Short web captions
:::::

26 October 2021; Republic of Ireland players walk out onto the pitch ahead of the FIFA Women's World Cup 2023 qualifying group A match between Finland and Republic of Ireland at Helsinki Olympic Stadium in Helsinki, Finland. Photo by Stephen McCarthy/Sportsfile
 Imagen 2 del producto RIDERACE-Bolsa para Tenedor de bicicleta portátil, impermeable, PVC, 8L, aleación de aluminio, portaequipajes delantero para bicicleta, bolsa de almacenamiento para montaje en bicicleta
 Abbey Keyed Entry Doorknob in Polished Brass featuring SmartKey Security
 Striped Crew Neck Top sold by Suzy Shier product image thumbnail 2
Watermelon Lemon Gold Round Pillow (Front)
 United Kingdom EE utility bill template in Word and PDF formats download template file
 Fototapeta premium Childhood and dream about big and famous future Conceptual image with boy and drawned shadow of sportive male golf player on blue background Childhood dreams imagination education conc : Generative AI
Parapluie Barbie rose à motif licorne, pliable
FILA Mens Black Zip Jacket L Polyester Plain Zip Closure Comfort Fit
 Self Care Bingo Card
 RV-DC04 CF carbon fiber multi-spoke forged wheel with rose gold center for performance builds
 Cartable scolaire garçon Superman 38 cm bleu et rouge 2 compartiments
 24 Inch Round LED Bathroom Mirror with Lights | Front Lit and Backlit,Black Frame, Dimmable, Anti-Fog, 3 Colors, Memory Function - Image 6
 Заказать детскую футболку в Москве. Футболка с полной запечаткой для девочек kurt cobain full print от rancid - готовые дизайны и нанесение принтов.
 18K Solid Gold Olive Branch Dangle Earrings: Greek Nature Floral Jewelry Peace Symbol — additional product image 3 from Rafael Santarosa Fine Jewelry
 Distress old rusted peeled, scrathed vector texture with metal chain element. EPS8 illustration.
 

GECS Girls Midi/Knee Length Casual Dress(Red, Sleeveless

:::::

= What is needed =
Beginning at the first line above, repeat exactly until the line containing "Parapluie Barbie rose", which is included.

= Answer for the task =
26 October 2021; Republic of Ireland players walk out onto the pitch ahead of the FIFA Women's World Cup 2023 qualifying group A match between Finland and Republic of Ireland at Helsinki Olympic Stadium in Helsinki, Finland. Photo by Stephen McCarthy/Sportsfile
 Imagen 2 del producto RIDERACE-Bolsa para Tenedor de bicicleta portátil, impermeable, PVC, 8L, aleación de aluminio, portaequipajes delantero para bicicleta, bolsa de almacenamiento para montaje en bicicleta
 Abbey Keyed Entry Doorknob in Polished Brass featuring SmartKey Security
 Striped Crew Neck Top sold by Suzy Shier product image thumbnail 2
Watermelon Lemon Gold Round Pillow (Front)
 United Kingdom EE utility bill template in Word and PDF formats download template file
 Fototapeta premium Childhood and dream about big and famous future Conceptual image with boy and drawned shadow of sportive male golf player on blue background Childhood dreams imagination education conc : Generative AI
Parapluie Barbie rose à motif licorne, pliable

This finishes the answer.